Task details
An exact copy is required of every line from the one with "Scholl Bora Buckle-Fastening" through the end of the data below, and the pictures must stay out of it.

*** Opening of Data segment ***

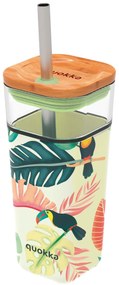 Sklenený cestovný hrnček so slamkou Liquid Cube Tropical Toucans 540 ml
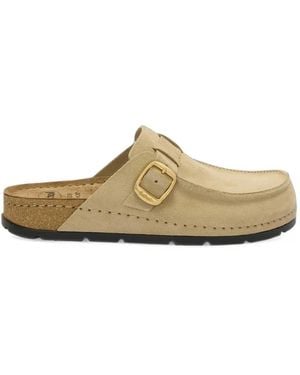 Scholl Bora Buckle-Fastening Flat Mules - White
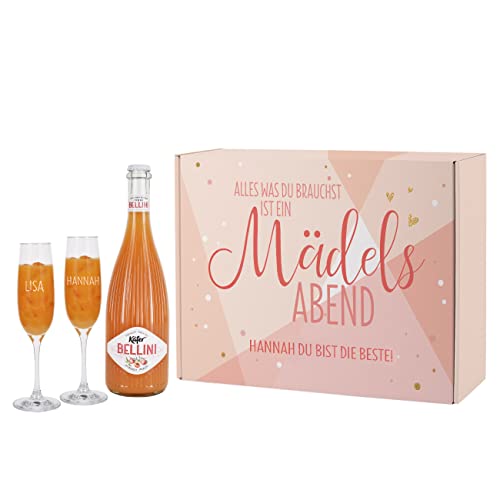 Herz & Heim® Mädelsabend-Geschenkset mit Käfer Bellini und 2 gravierten Leonardo Sektgläsern von Herz & Heim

*** Close of Data segment ***

Your response
 Scholl Bora Buckle-Fastening Flat Mules - White
 Herz & Heim® Mädelsabend-Geschenkset mit Käfer Bellini und 2 gravierten Leonardo Sektgläsern von Herz & Heim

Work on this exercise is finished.